Ukrainian crisis moves to the next stage of sanctions

Markets woke up to another Ukrainian drama on Tuesday as Europe, the UK and the US came to threaten the first barrage of sanctions against Russia following Putin’s recognition of two ex-soviet and Moscow-backed regions in Ukraine Donetsk and Luhansk late on Monday, which could strategically allow Russia to enhance its military forces.

The traditional haven gold opened the day with a soft positive gap, but bullish pressures fade immediately before the price touches June’s peak of $1,916 after the Ukrainian president Volodymyr Zelensky stated that there will be no war or wide escalation with Russia, with the price falling as low as $1,891 in the aftermath. Of course, he called his foreign allies to use punishing sanctions, and some of them including the UK have already announced some bans against Russian banks and individuals, with the European Union also set to unveil its own countermeasures later today, particularly regarding the halt of the Nord Stream 2 gas pipeline. But honestly, whether the countermeasures will go wild, especially as long as there is no official invasion, remains to be seen given Europe’s reliance on energy sources. Hence, how painful the penalties will be will determine the size of upside movements in gold in the coming days or weeks.

Euro pares losses but pound still bleak

In other haven assets, bond markets also gave up some ground, pushing the 10-year Treasury yield back above 1.90%. The European yield equivalents staged a swifter recovery as risk sentiment improved a bit. The latter is also evident in FX and stock markets. Although the geopolitical impact on currencies has been relatively less vigorous, euro/dollar responded quickly to the latest encouraging headlines, running from a low of 1.1280 to 1.1366. Probably, the upside surprise in the German Ifo business climate index, which signaled that the EU’s powerhouse will benefit massively from the easing of the coronavirus crisis, provided a helping hand as well.

The yen came under pressure, helping the dollar to rebound near the key support of 114.70, though the 115.00 number remains a key barrier for now.

On the other hand, the pound has yet to show any bullish appetite against the dollar and the yen. Perhaps comments from the BoE policymaker Dave Ramsden supporting only a modest monetary tightening in the coming months canceled any upside moves as rate expectations for a 50 bps eased. Pound/dollar was last seen lower at 1.3547, while pound/yen was more or less steady at 155.88. Euro/pound bounced strongly up to 0.8382, erasing a four-day losing streak.

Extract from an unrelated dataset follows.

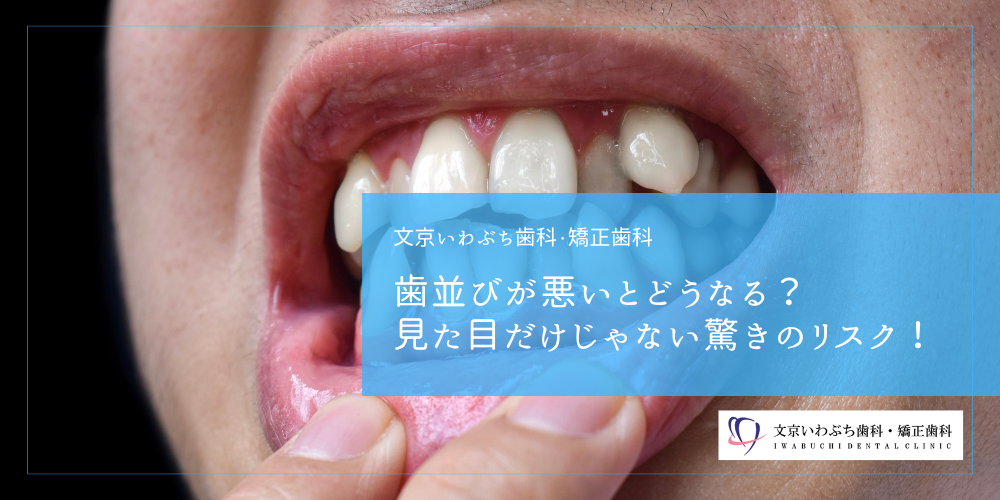 歯並びが悪いとどうなる？見た目だけじゃない驚きのリスク！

RBNZ to raise rates for the third time

The New Zealand dollar will attract special attention when the Reserve Bank of New Zealand (RBNZ) announces its policy decision during the early Asian trading hours on Wednesday. Investors are fully convinced that the central bank will deliver its third 25 bps rate hike in a row, while there is a 30% chance for a 50 bps rise as well. Hence, unless the RBNZ moves fast with a 50 bps rate hike to mitigate the hot inflationary pressures and/or uses a hawkish tone to brighten the future of the economy, the policy announcement itself could even be a classic selling the fact case for kiwi/dollar, blocking the way above the tough 0.6730 resistance.

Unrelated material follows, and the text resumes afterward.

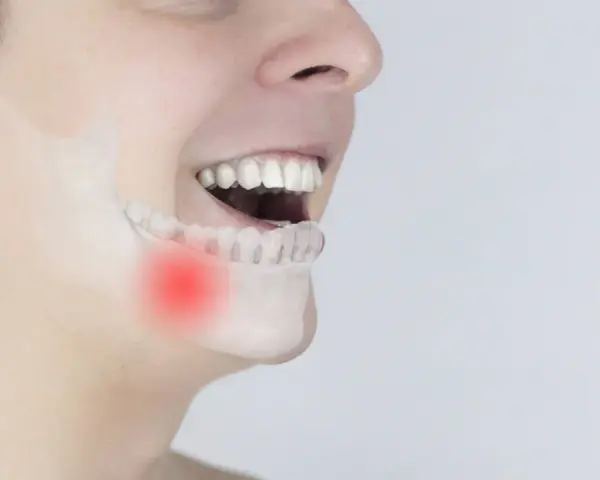 Ból szczęki z zaczerwienieniem sugeruje zapalenie okostnej.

Stock sell-off pauses, oil hits fresh highs

In equities, European indices avoided the slump in Asia, recouping earlier losses to turn almost neutral in the day as traders pushed some funds out of safe havens. Energy, real estate and consumer cyclicals shares were the top performers. Futures tracking the S&P 500, the Nasdaq 100 and Dow Jones are currently pointing to a milder negative open as well.

Finally, oil continues to make headlines. The international benchmark Brent crude was close to touch the crucial $100/barrel before sliding to $97.42, while WTI crude extended Monday’s rally to a fresh seven-year high of $94.90, stoking worries that global inflation may keep trending higher. While progress in the Iranian-US nuclear talks could be a headwind to the oil rally, the war factor in Ukraine is threatening another supply shock If materialized.